Input for this task START

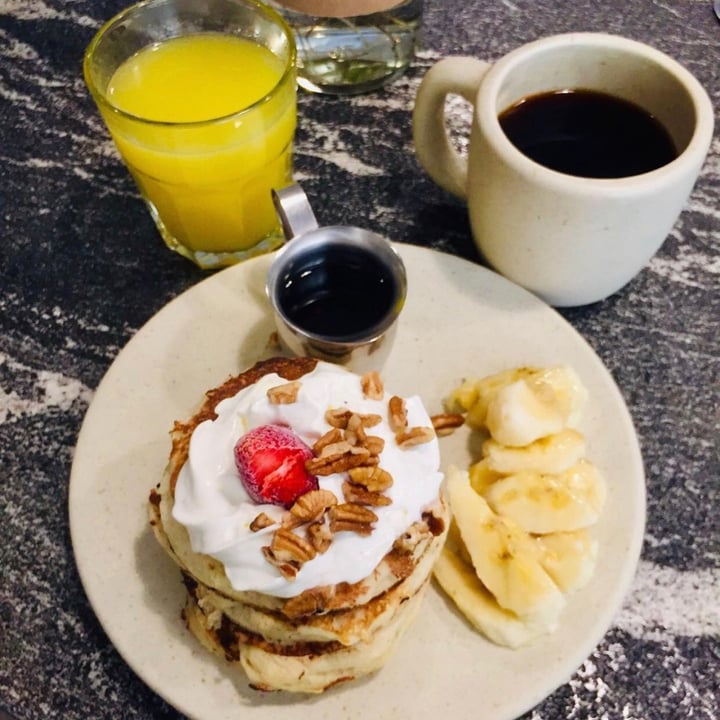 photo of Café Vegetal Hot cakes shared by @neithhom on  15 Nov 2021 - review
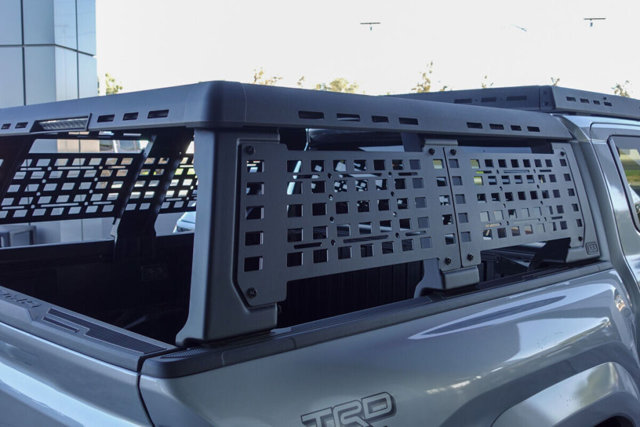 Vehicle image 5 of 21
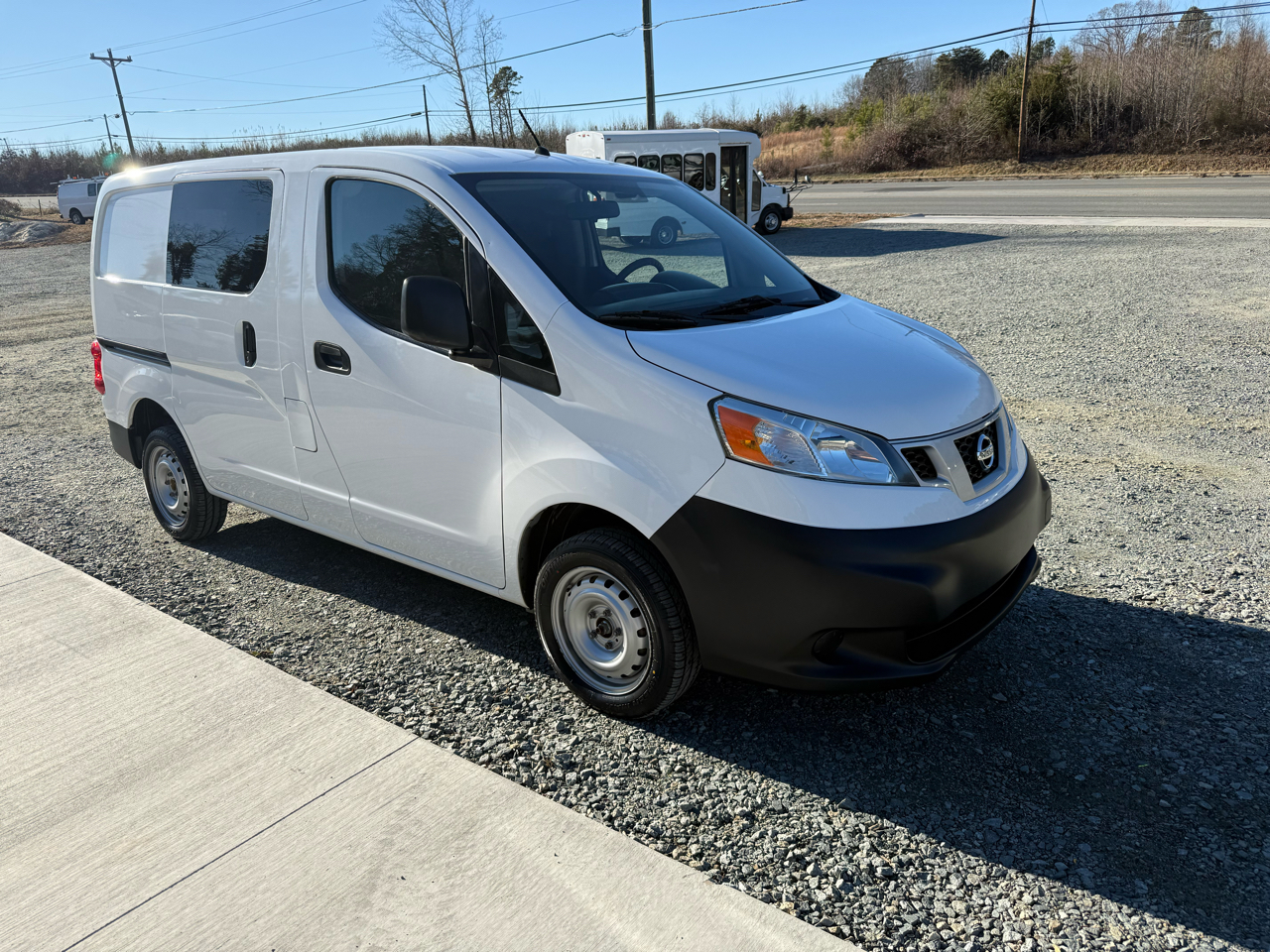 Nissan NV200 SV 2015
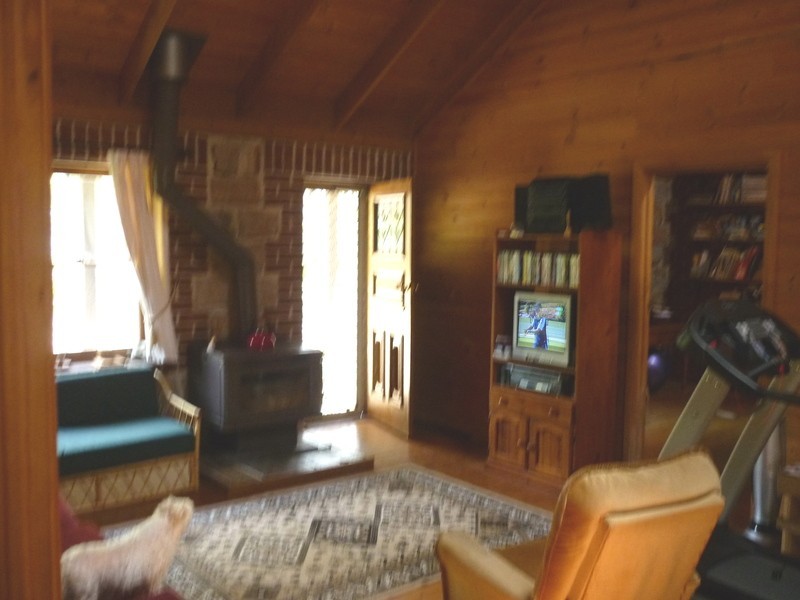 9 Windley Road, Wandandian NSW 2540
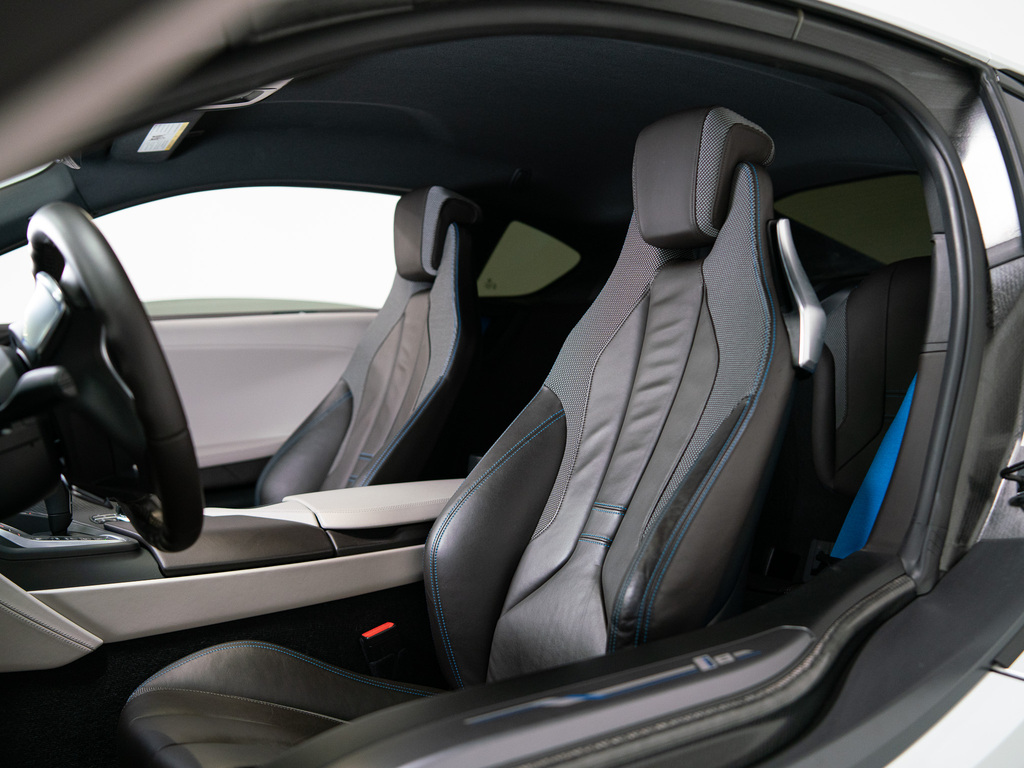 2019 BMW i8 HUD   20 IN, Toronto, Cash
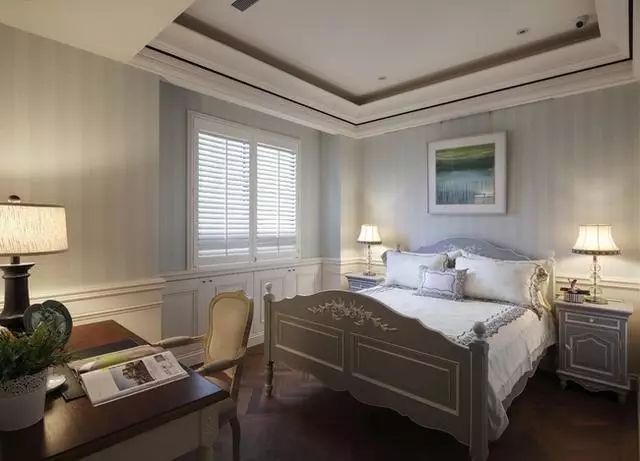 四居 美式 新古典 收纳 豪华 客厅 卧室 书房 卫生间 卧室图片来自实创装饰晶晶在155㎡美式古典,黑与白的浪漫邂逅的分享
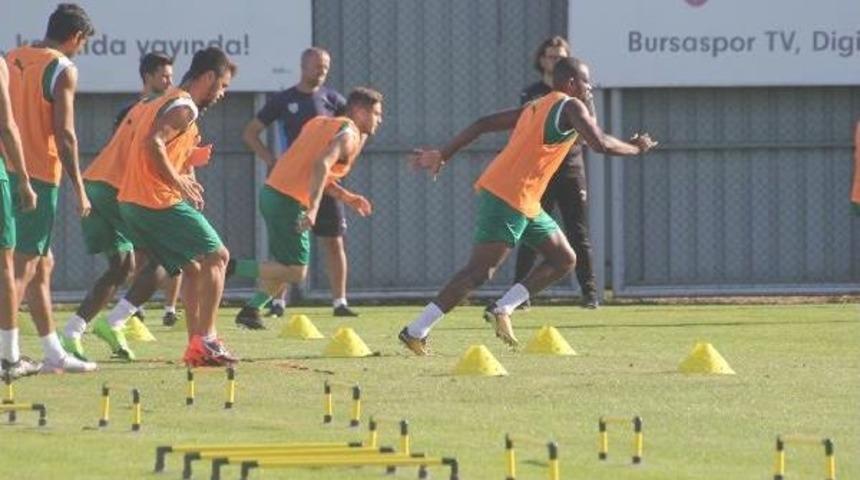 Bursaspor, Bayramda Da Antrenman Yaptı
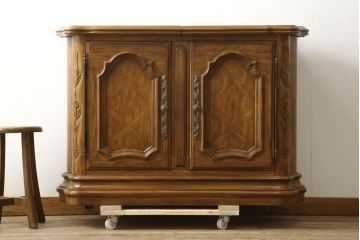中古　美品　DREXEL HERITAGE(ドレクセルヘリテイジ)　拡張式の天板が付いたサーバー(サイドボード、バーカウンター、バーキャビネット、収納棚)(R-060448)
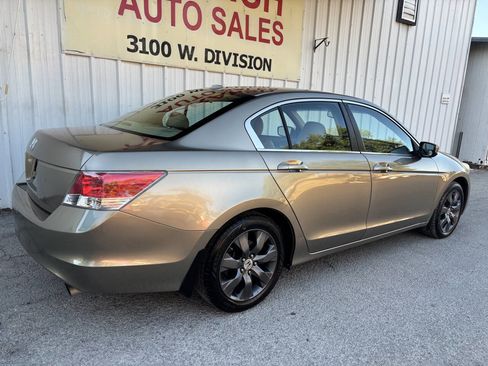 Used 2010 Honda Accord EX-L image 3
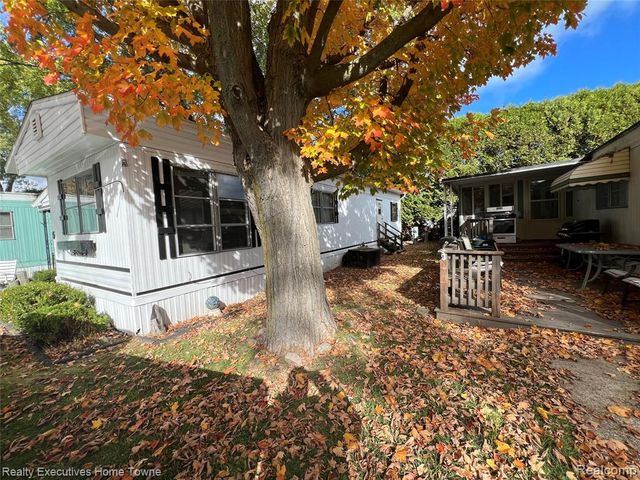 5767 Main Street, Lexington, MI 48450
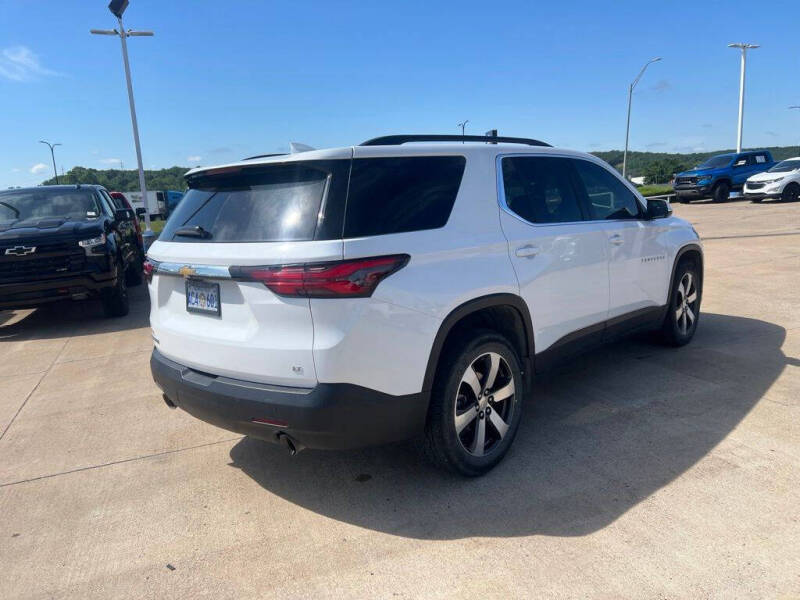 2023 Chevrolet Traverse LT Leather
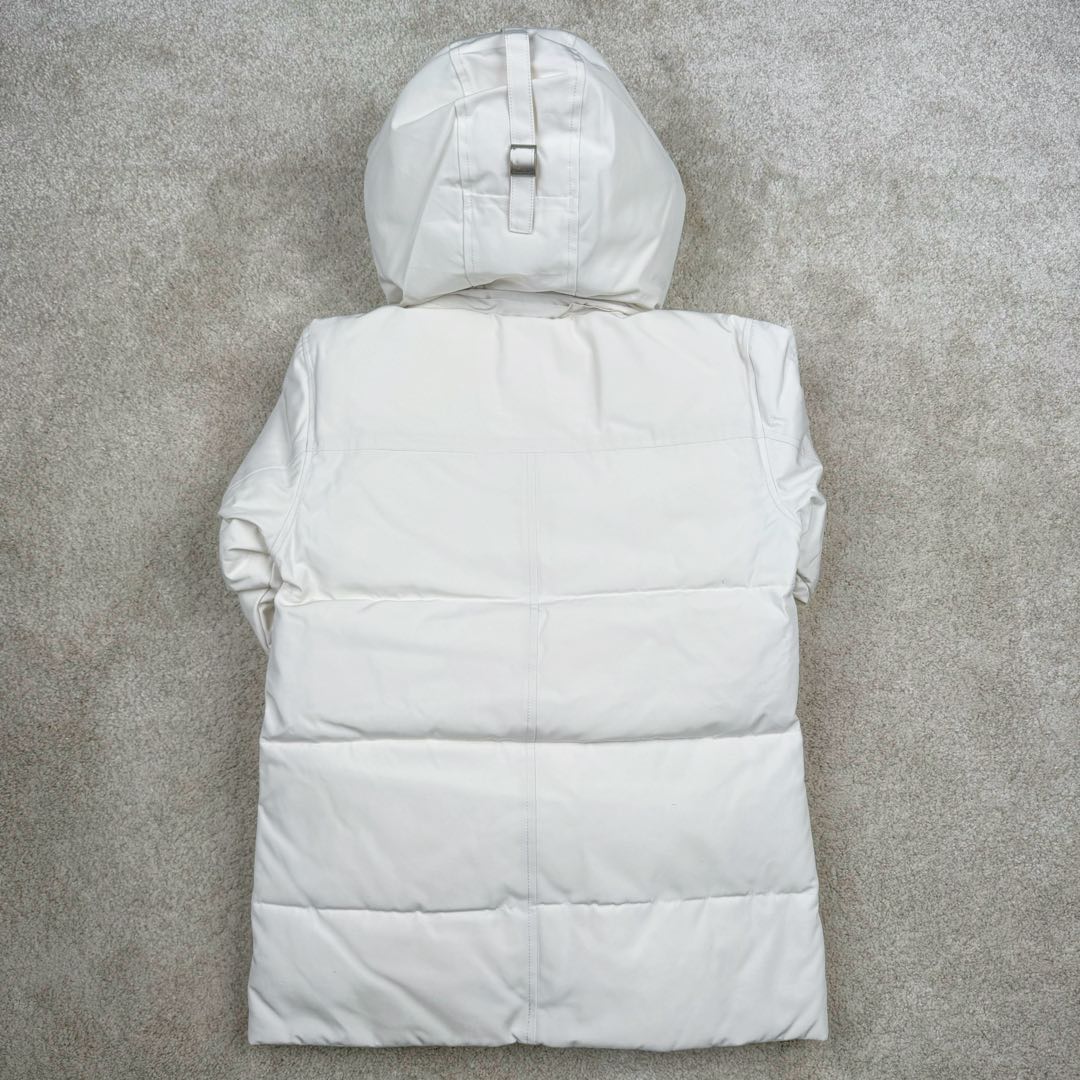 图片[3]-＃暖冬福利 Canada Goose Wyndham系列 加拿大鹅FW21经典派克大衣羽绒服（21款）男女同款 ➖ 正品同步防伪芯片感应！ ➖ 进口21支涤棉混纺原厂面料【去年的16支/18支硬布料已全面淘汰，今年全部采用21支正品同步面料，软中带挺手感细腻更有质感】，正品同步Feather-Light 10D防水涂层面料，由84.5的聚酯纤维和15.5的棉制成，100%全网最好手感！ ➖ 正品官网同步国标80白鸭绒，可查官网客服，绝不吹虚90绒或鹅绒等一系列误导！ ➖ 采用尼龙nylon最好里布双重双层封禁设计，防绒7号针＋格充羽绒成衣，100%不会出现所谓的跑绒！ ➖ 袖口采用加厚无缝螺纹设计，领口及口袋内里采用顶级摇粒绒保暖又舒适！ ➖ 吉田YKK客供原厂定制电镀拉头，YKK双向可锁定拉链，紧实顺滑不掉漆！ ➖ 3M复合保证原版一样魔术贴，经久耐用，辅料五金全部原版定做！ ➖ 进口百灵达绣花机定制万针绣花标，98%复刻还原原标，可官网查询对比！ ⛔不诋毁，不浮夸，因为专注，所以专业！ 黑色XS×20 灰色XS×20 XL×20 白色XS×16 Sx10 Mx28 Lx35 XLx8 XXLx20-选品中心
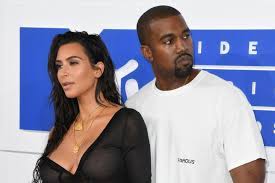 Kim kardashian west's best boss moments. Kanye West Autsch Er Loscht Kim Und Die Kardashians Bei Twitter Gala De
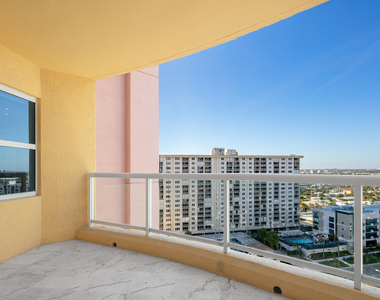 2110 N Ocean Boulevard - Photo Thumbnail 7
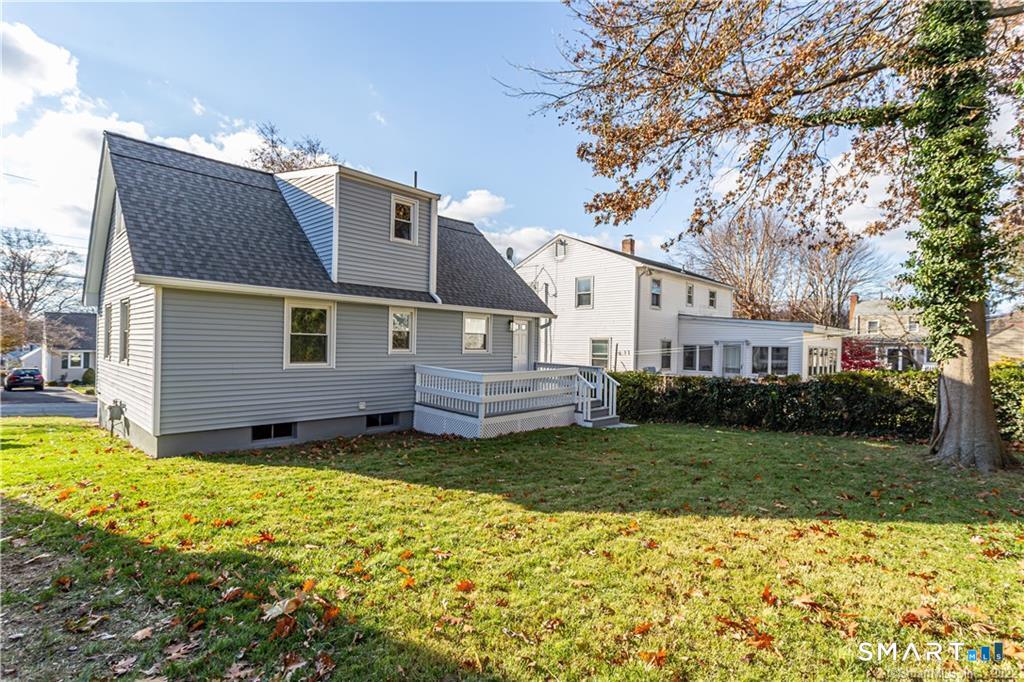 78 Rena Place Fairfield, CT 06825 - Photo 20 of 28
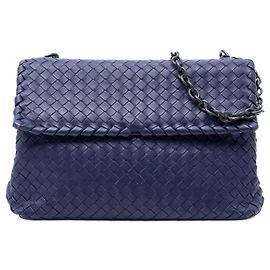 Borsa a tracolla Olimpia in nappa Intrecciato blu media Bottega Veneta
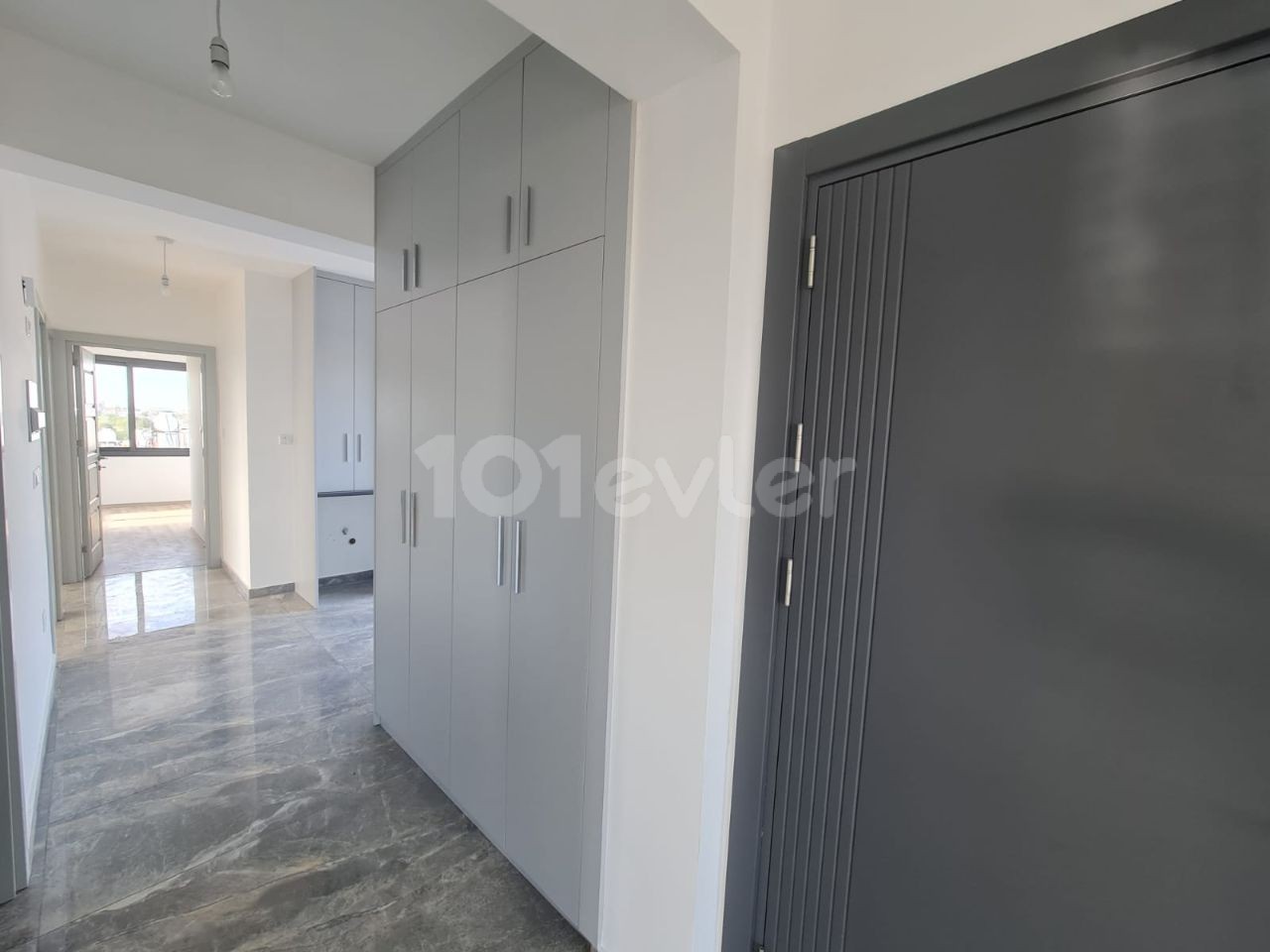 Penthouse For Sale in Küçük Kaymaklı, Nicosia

Input for this task END

> _About this task_
Repeat all entries exactly, pictures excluded.

> _Answer to the exercise_
 photo of Café Vegetal Hot cakes shared by @neithhom on  15 Nov 2021 - review
 Vehicle image 5 of 21
 Nissan NV200 SV 2015
 9 Windley Road, Wandandian NSW 2540
 2019 BMW i8 HUD   20 IN, Toronto, Cash
 四居 美式 新古典 收纳 豪华 客厅 卧室 书房 卫生间 卧室图片来自实创装饰晶晶在155㎡美式古典,黑与白的浪漫邂逅的分享
 Bursaspor, Bayramda Da Antrenman Yaptı
中古　美品　DREXEL HERITAGE(ドレクセルヘリテイジ)　拡張式の天板が付いたサーバー(サイドボード、バーカウンター、バーキャビネット、収納棚)(R-060448)
 Used 2010 Honda Accord EX-L image 3
 5767 Main Street, Lexington, MI 48450
 2023 Chevrolet Traverse LT Leather
 图片[3]-＃暖冬福利 Canada Goose Wyndham系列 加拿大鹅FW21经典派克大衣羽绒服（21款）男女同款 ➖ 正品同步防伪芯片感应！ ➖ 进口21支涤棉混纺原厂面料【去年的16支/18支硬布料已全面淘汰，今年全部采用21支正品同步面料，软中带挺手感细腻更有质感】，正品同步Feather-Light 10D防水涂层面料，由84.5的聚酯纤维和15.5的棉制成，100%全网最好手感！ ➖ 正品官网同步国标80白鸭绒，可查官网客服，绝不吹虚90绒或鹅绒等一系列误导！ ➖ 采用尼龙nylon最好里布双重双层封禁设计，防绒7号针＋格充羽绒成衣，100%不会出现所谓的跑绒！ ➖ 袖口采用加厚无缝螺纹设计，领口及口袋内里采用顶级摇粒绒保暖又舒适！ ➖ 吉田YKK客供原厂定制电镀拉头，YKK双向可锁定拉链，紧实顺滑不掉漆！ ➖ 3M复合保证原版一样魔术贴，经久耐用，辅料五金全部原版定做！ ➖ 进口百灵达绣花机定制万针绣花标，98%复刻还原原标，可官网查询对比！ ⛔不诋毁，不浮夸，因为专注，所以专业！ 黑色XS×20 灰色XS×20 XL×20 白色XS×16 Sx10 Mx28 Lx35 XLx8 XXLx20-选品中心
 Kim kardashian west's best boss moments. Kanye West Autsch Er Loscht Kim Und Die Kardashians Bei Twitter Gala De
 2110 N Ocean Boulevard - Photo Thumbnail 7
 78 Rena Place Fairfield, CT 06825 - Photo 20 of 28
 Borsa a tracolla Olimpia in nappa Intrecciato blu media Bottega Veneta
 Penthouse For Sale in Küçük Kaymaklı, Nicosia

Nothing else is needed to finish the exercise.